Tempest Over Mexico
by [Atlantic Monthly Press and Little, Brown, $3.00]
A STRAIGHTFORWARD narrative like this, told with real feeling, is a relief after some of the recent glib guidebooks about Mexico. The book is a saga of Cuernavaca. The tempest breaks over all Mexico, but the author lived through the worst of the revolution of 1910 in that little city where Cortez built his palace, which lies in golden valley of Morelos, ‘the valley all men coveted.’ The writer has a sympathetic understanding of the people and she has given a vivid personal account of their struggle for independence. There is incidental detail, delightful to one who has been in Mexico, the smell of the countryside, and the sounds in the little cobbled lanes.

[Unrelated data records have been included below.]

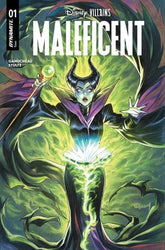 Disney Villains Maleficent #1 Co...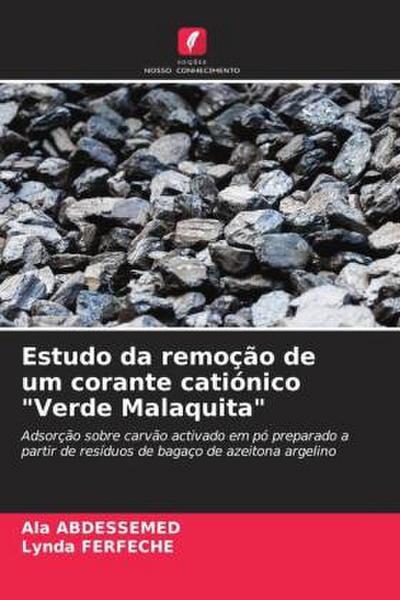 Estudo da remoção de um corante catiónico "Verde Malaquita"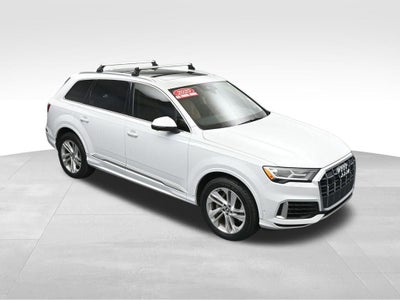 2020 Audi Q7 55 Premium Plus quattro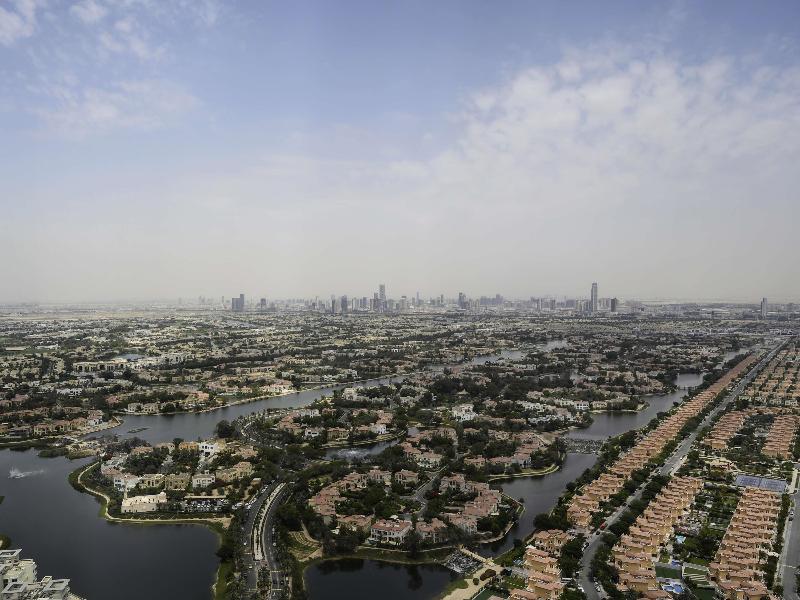 SO/ Uptown Dubai - Oda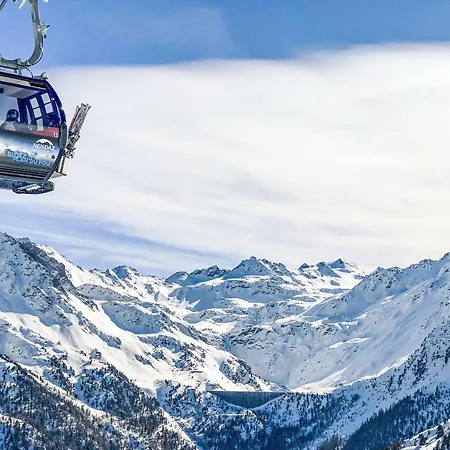 Domek alpejski Sept By Interhome *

The author, Rosa King, an Englishwoman, went to Cuernavaca in 1907 to make a living for herself and her two small children. She had known the town before and started off with a prophecy sadly ironical: ‘Here I shall . . . make my home, where all is peace and beauty, and nothing has ever changed or ever will.’ She opened a tearoom for the British and American tourists and it proved so popular that she added a curio shop, selling the native pottery to her clients. In 1910 the Governor of Morelos, a friend of President Díaz, suggested that she buy the Bella Vista Hotel (a four-hundred-year-old hacienda) and turn innkeeper for the visitors expected for the celebration of the Centenario, the hundredth anniversary of Mexico’s independence from Spain. Mrs, King followed his advice, and her remodeled hotel, with its lovely patios (and thirty bathrooms), was soon full of guests.
Then the revolution came which swept Porfirio Díaz from power, and Cuernavaca became the centre of fierce fighting.

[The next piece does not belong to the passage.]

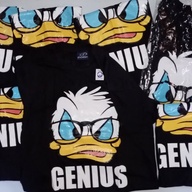Donald Duck Genius Character Shirt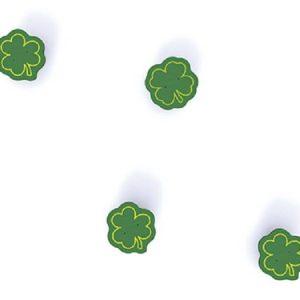 Pas de géant tréfles PARCOURS DE JEUX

Almost all the historic figures of the time passed through the Bella Vista inn. With General Zapata, commanding officer of the troops, by her side, Mrs. King welcomed President and Mrs. Madera on their first official visit to Cuernavaca; General Huerta, who came later to capture Zapata, stayed at the Bella Vista enjoying plums at breakfast; and a beautiful Rumanian spy, sent by Pancho Villa, lodged there and betrayed her hostess and the town. The siege of the city by the Zapatistas—when ‘we starved with dignity,’ as the author says— is perhaps the most moving incident in the book. Despite all that Mrs. King suffered from that encircling army, she speaks with admiration of Zapata and thinks only Hidalgo and Madero outranked him in the list of Mexican patriots. Victoriano Huerta, she felt, never had a real hold on the people.
The march out from Cuernavaca with the retreating Federal army is a thrilling story. That weak, weary company staggered along for three terrible days, constantly fired upon in the stony lanes and almost dead from hunger and fatigue before they reached Toluca and safety. Only 2000 of the 8000 who started survived the journey.

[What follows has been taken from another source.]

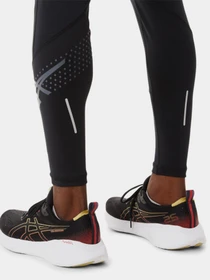 Брюки Asics Icon модель 2011C731-001 Чорний, сірий Фото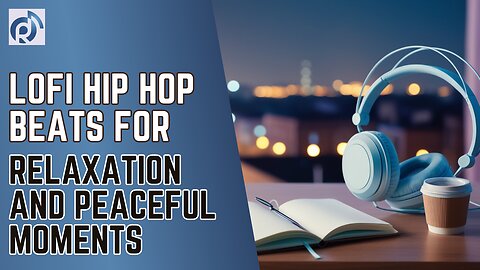 Lofi Hip Hop Beats for Relaxation and Peaceful Moments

One admires the humor that could comment on the refugees’ ‘communistic donkeys, working only when we worked’ with bridle and fist, and could laugh over the loss of those precious American bathtubs looted from the Bella Vista.
Later, Mrs. King took charge of another inn at Orizaba, but there a Mexican general fell in love with her very young daughter and the girl had to be smuggled out of town, so they moved on to Vera Cruz, then the Capital under President Carranza.
A short review seems to emphasize unduly the melodrama of the tale. The best of it is the spirit with which Mrs. King, a foreigner caught in this revolution, cast in her lot with the Mexicans. ‘ Whatever happens,’ she says, ’I am on their side. What is for their good I want.’ These are the words of a brave woman whose understanding of the sufferings of Mexico overshadowed her own.